Book Review – My Dark Vanessa –

Author: Kate Elizabeth Russell –
Publisher: 4th Estate

Vanessa Wye is 32, single, working as a concierge at a hotel in Maine, and it is 2017.

She is obsessively checking a Facebook page for updates, for comments, for likes.

Taylor Birch has posted that she had been assaulted while she attended Browick school, by one of the teachers, Jacob Strane.

Vanessa contacts Strane to see how he is coping.

Taylor tried to get Vanessa to come forward and tell her story, but Vanessa ignored the request – she has Strane’s back.
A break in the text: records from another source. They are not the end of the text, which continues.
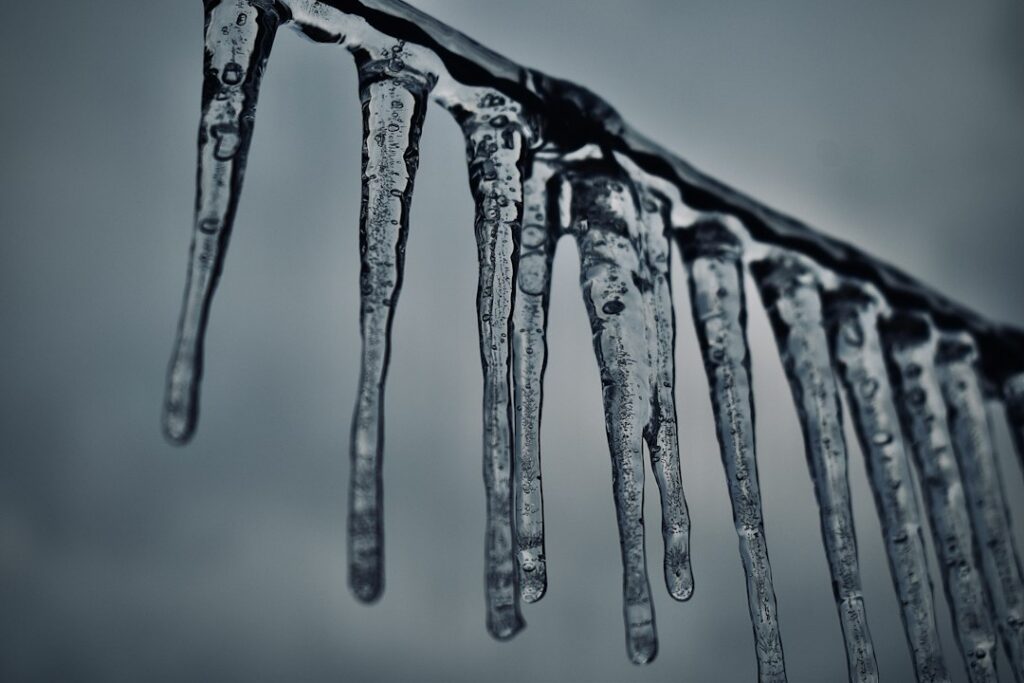 Close-up photograph of a residential air conditioning unit with ice built up on the coils and fins, dripping water, symbol...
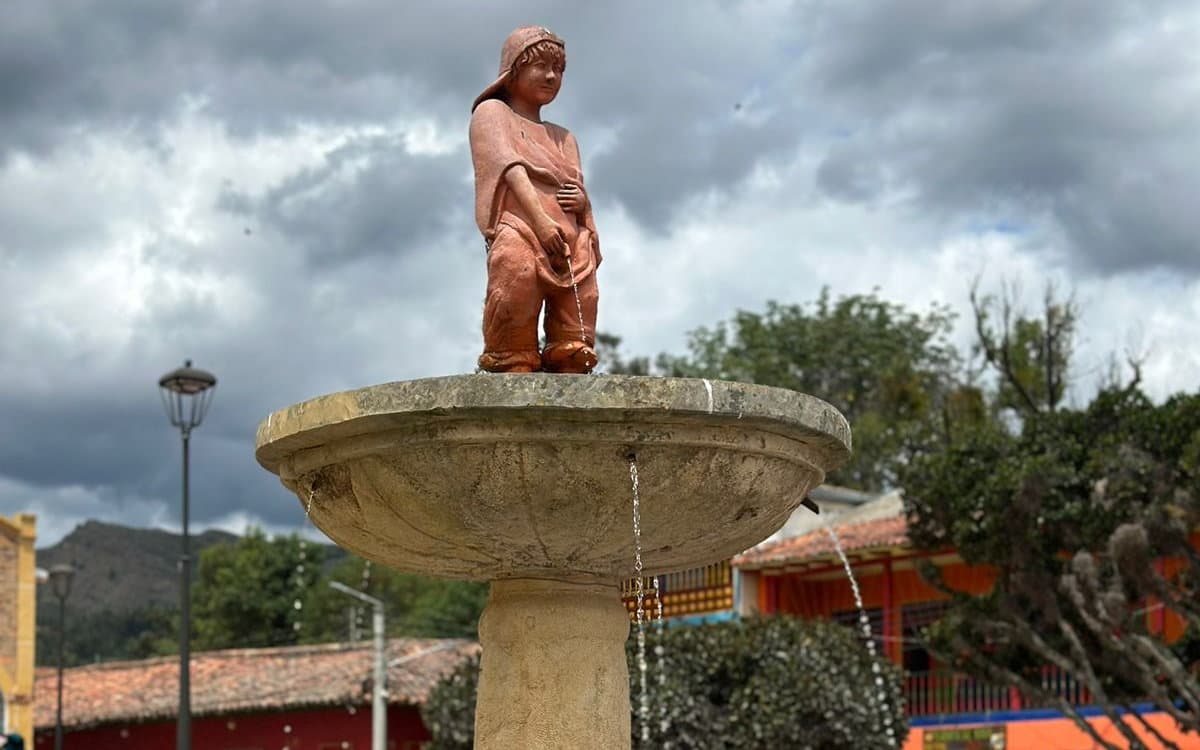 La fuente de la plaza de Ráquira, con las casas de colores al fondo, 9 de junio de 2024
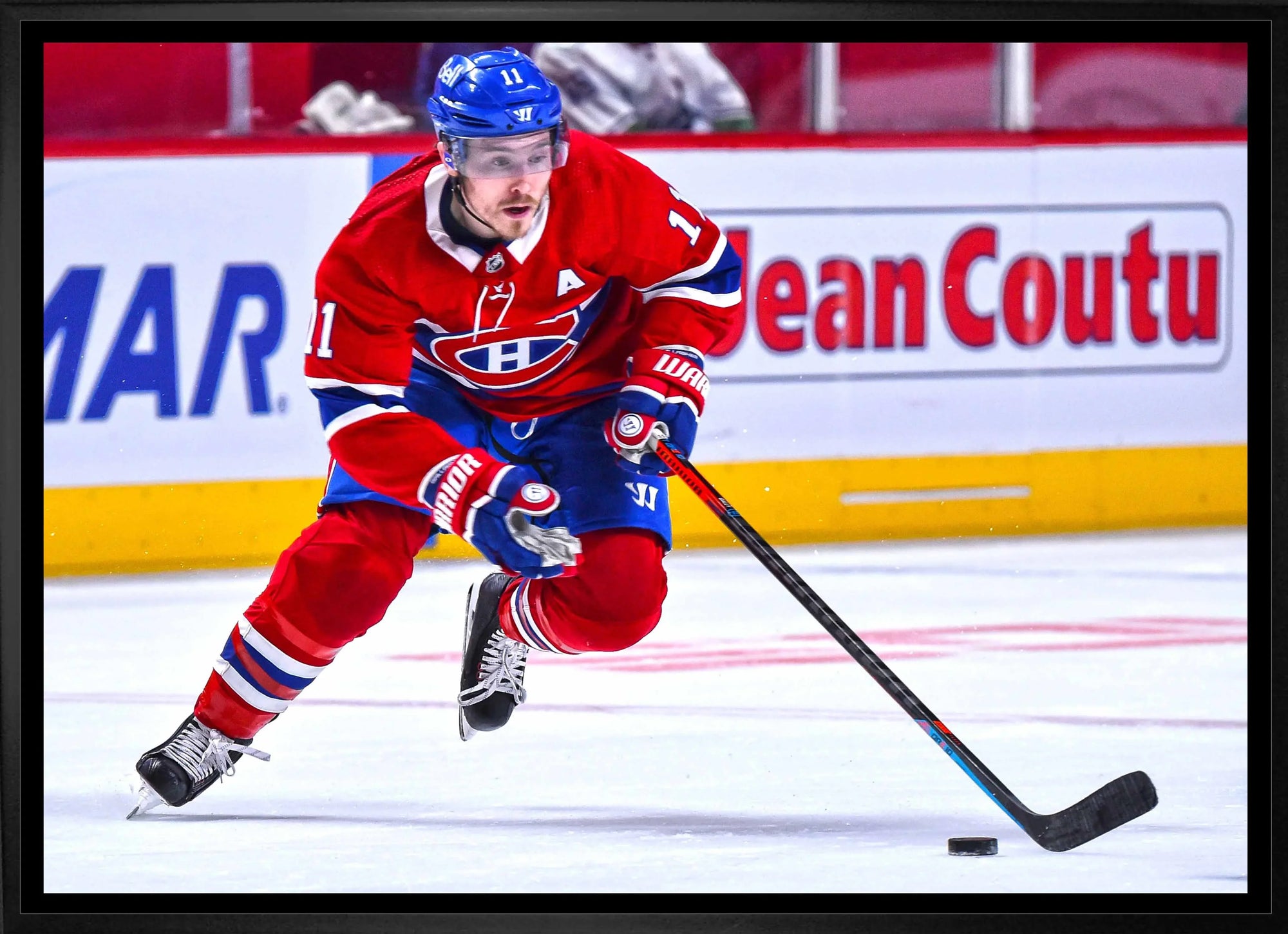 Montreal Canadiens hockey player in red jersey skating and controlling puck on ice rink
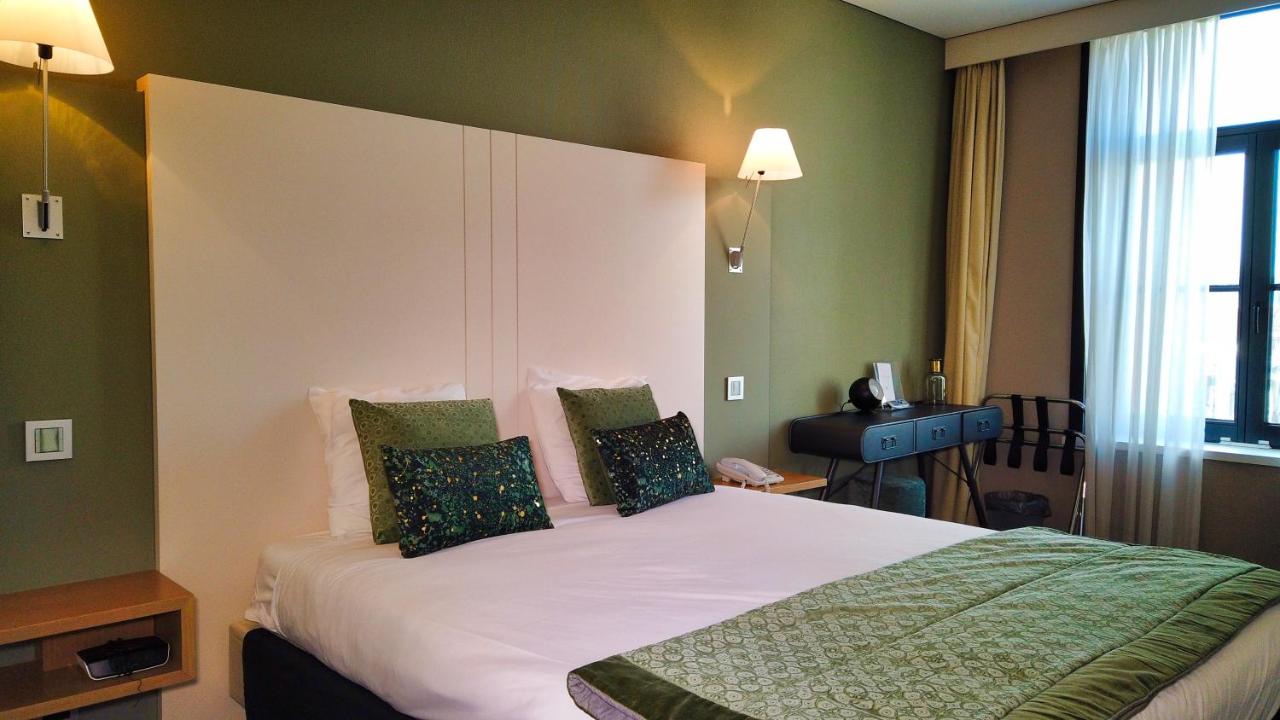 Een bed of bedden in een kamer bij Hotel Bliss
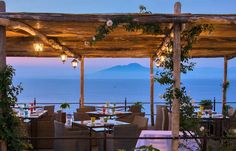 an outdoor dining area overlooking the ocean at dusk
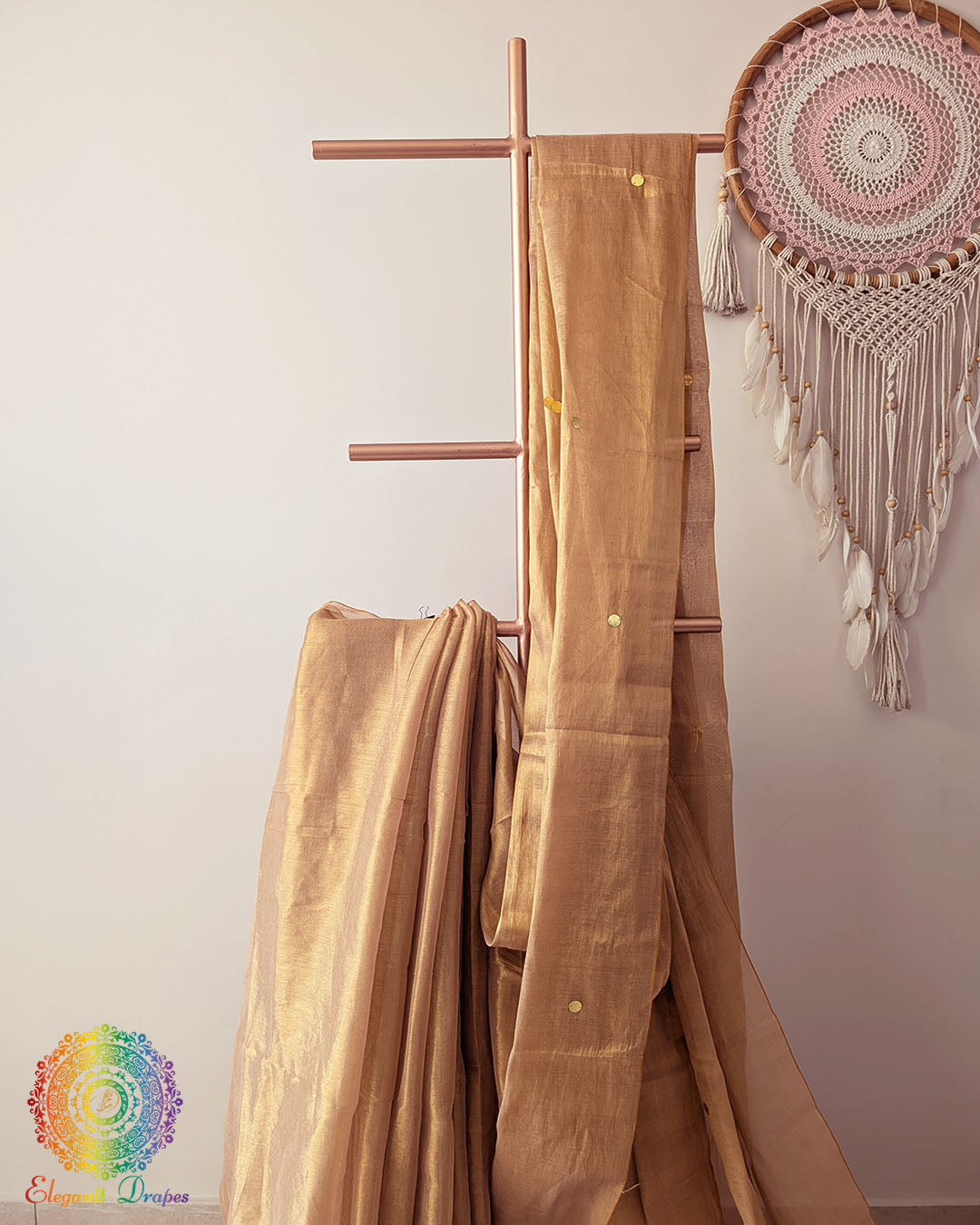 Close up of golden Bengal mul tissue saree with sequins work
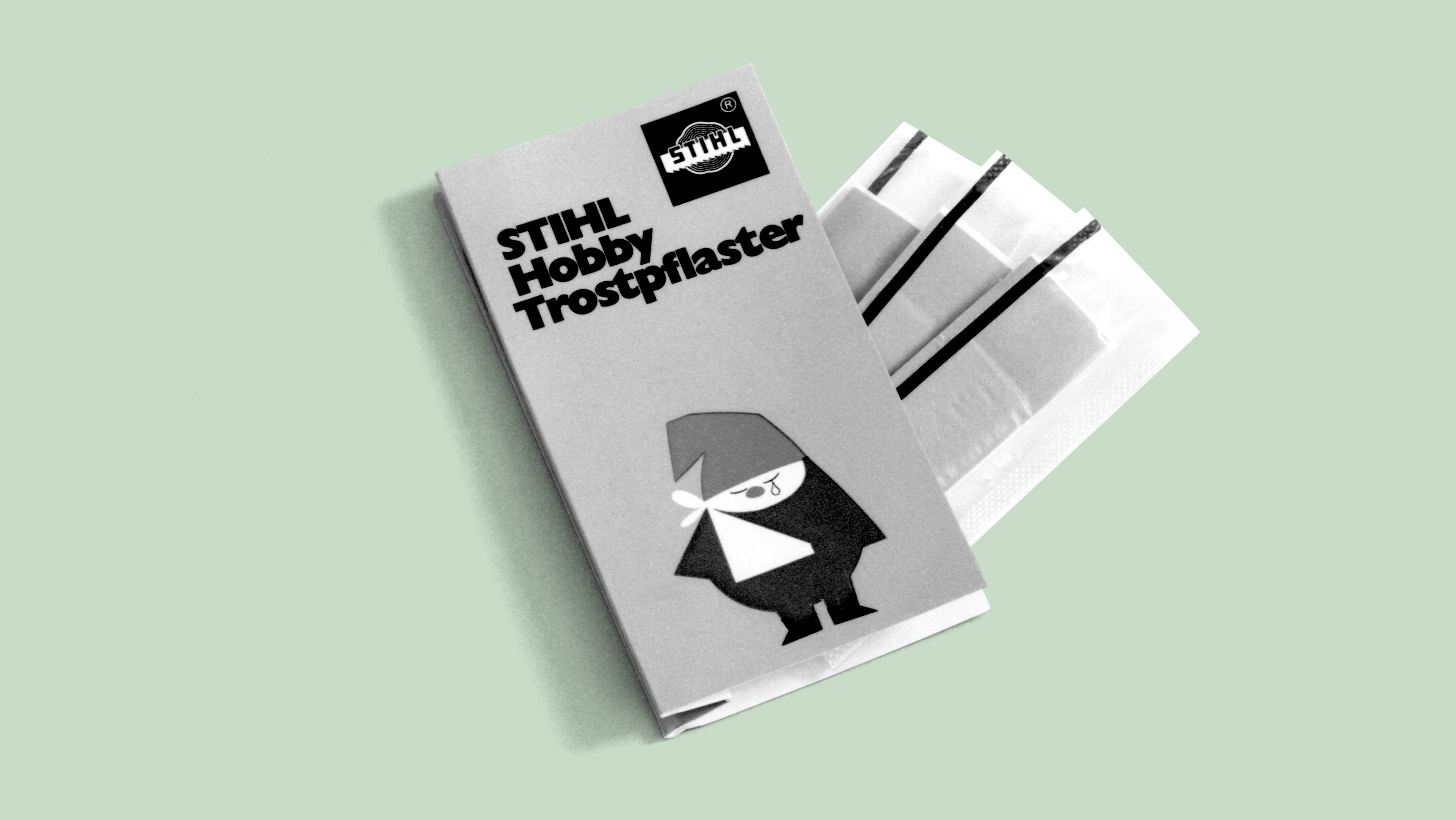 Pack of adhesive bandages with the STIHL hobby gnome illustration; black and white photo.
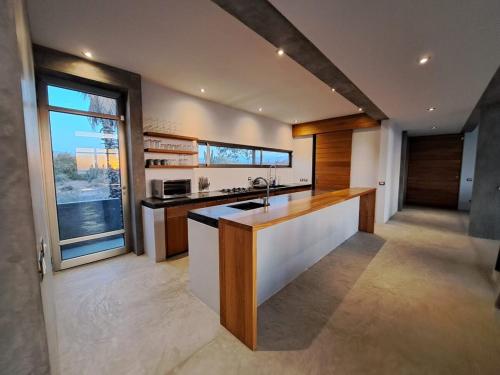 a kitchen with a counter and a large window at Arroyo Escondido-Luxe Oceanview Contemporary Home with all the Extras in Todos Santos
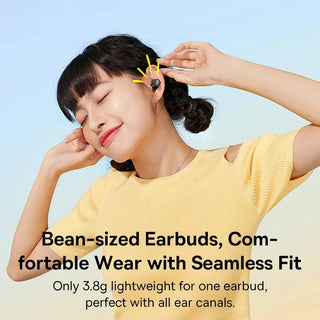 Woman wearing bean-sized earbuds with text highlighting features on a light blue background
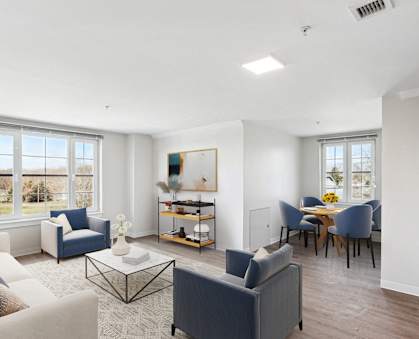 a living room with couches and chairs and a dining room table at Shoreline Grove Apartments in Branford CT.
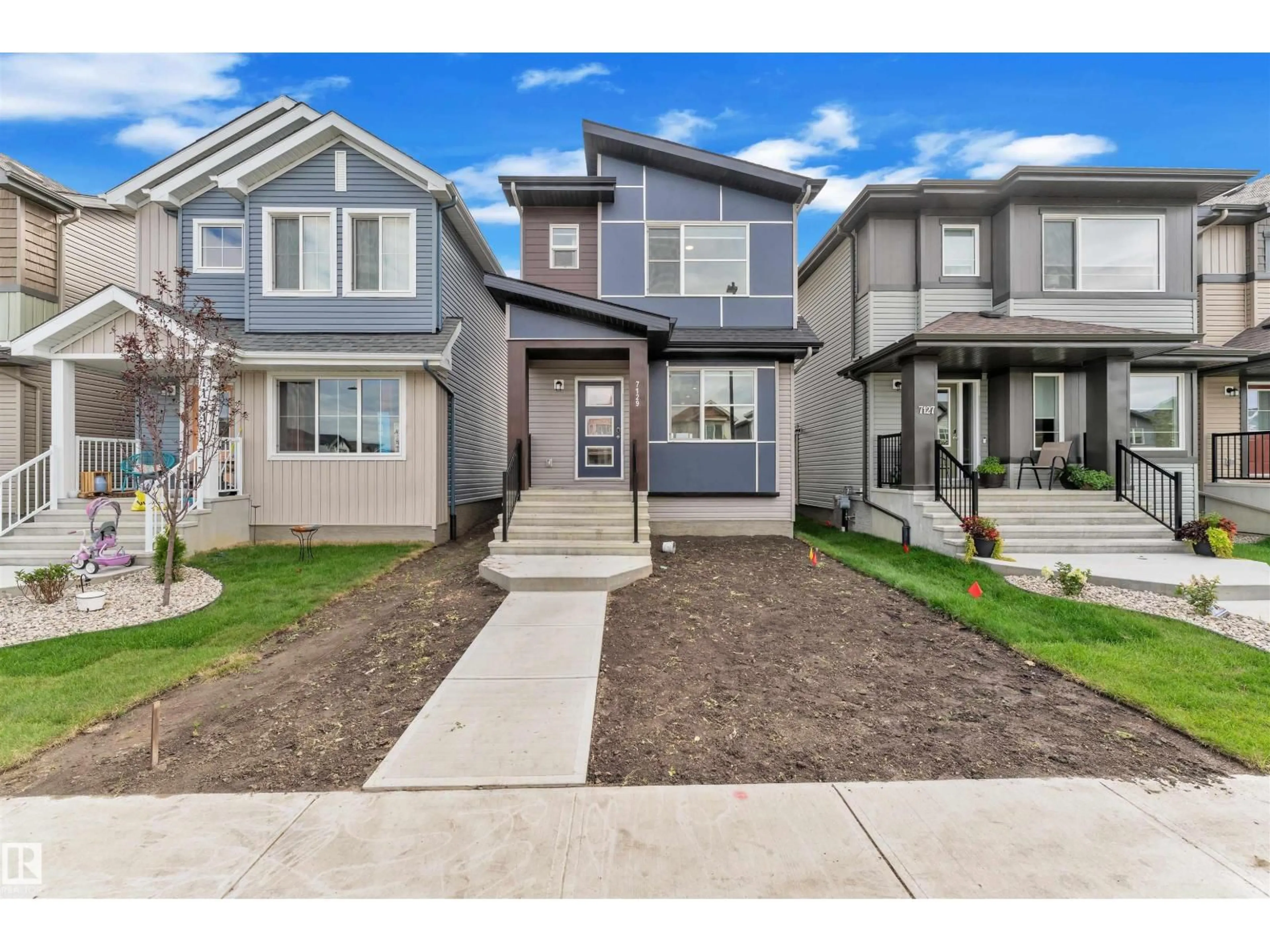 Home with vinyl exterior material, street for 7129 46A ST, Beaumont Alberta T4X3A8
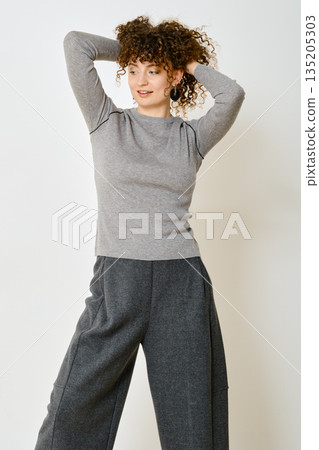 A woman stands with her hands behind her head wearing comfortable grey outfit A woman stands with her hands behind her head wearing comfortable grey outfit 135205303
Vanessa met Strane when she was 15 and he was 42.

He was her English teacher at Browick.

He told her he never had a student teacher romance, “he’d never had the desire. I was the first student who put that thought in his head. There was something about me that made it worth the risk. I had an allure that drew him in.”

The book switches between Vanessa as a teenager in 2000 and as an adult in 2017.

In 2000 Vanessa is a sophomore at Browick, a boarding school which she begged her parents to let her attend.

She had a good friend, Jenny, but they had a fight and don’t speak to each other.

She is pretty much alone in school, feeling isolated.

She puts her feelings into the poems she writes.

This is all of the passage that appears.